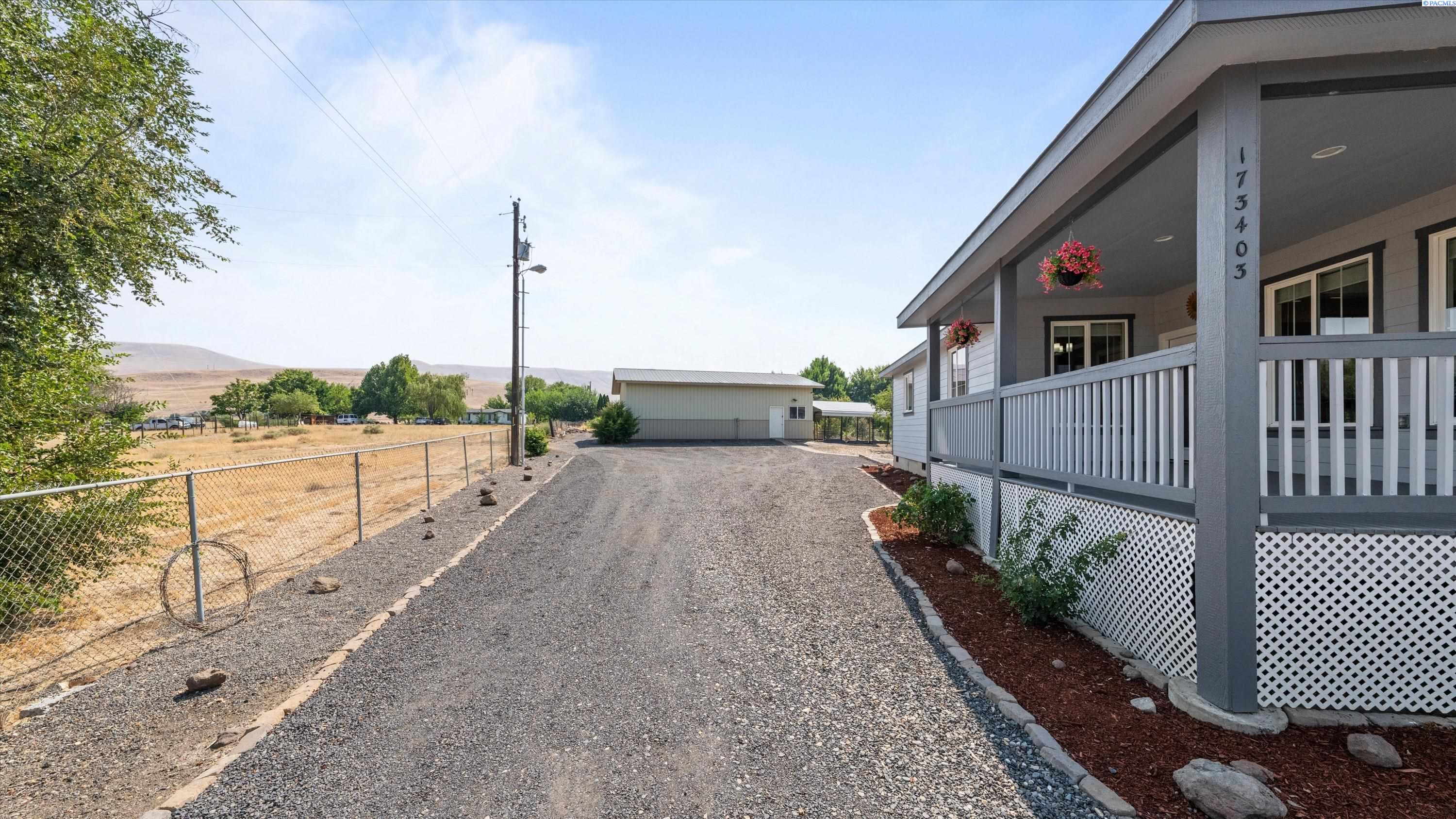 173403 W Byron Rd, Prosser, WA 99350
- - -
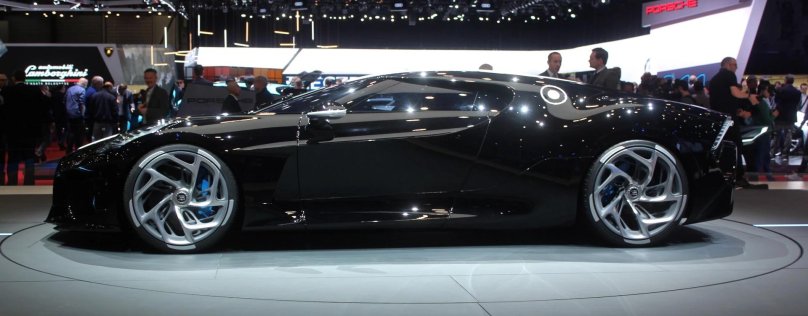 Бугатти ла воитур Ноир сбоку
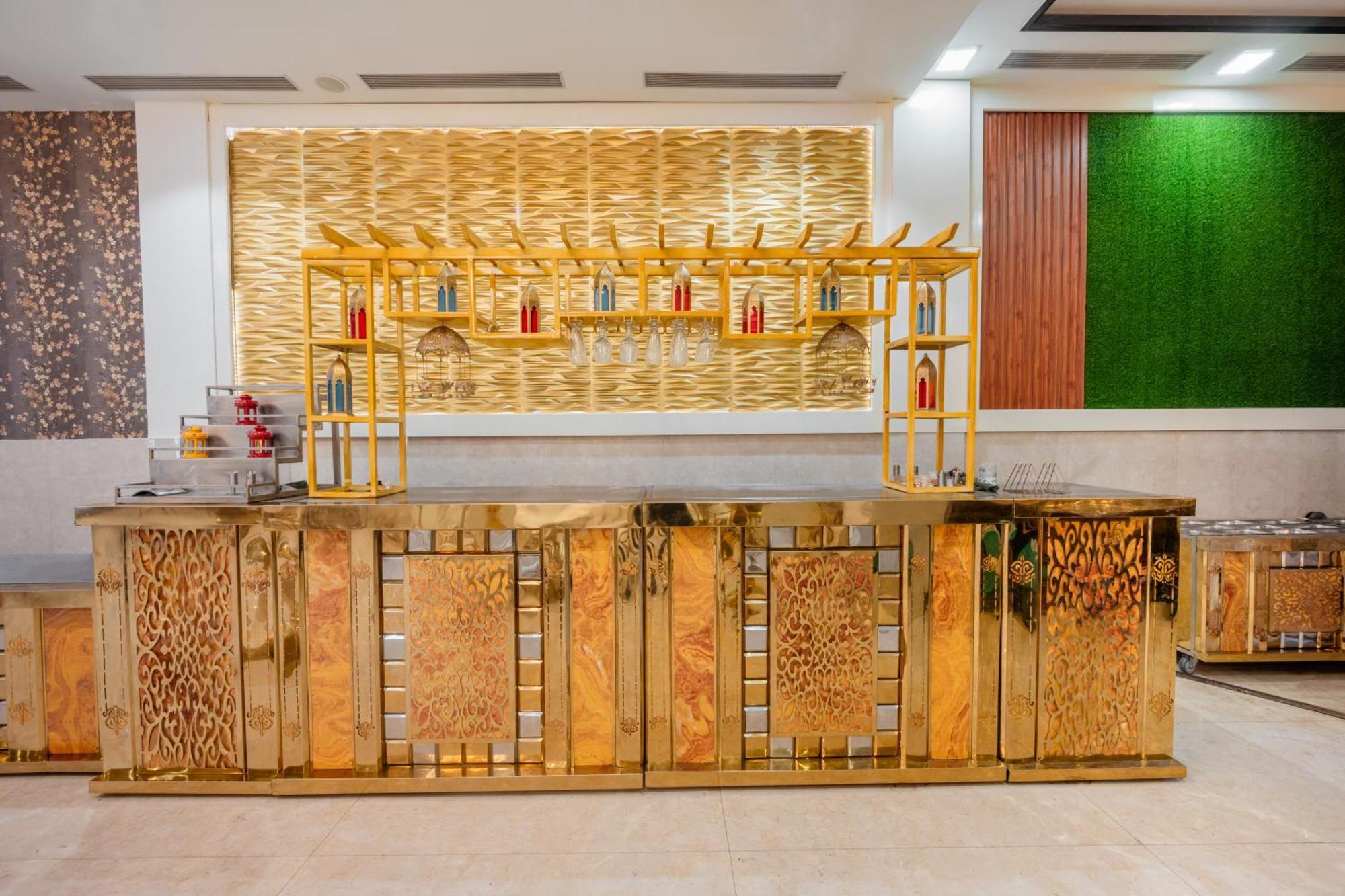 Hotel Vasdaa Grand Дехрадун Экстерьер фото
- - -
ACTIVITY
Once the line with "Бугатти ла воитур Ноир сбоку" has been found above, output that line and every later line exactly, stopping after the line with "Hotel Vasdaa Grand Дехрадун Экстерьер фото", and omit the pictures.

SOLUTION TO THE EXERCISE
 Бугатти ла воитур Ноир сбоку
 Hotel Vasdaa Grand Дехрадун Экстерьер фото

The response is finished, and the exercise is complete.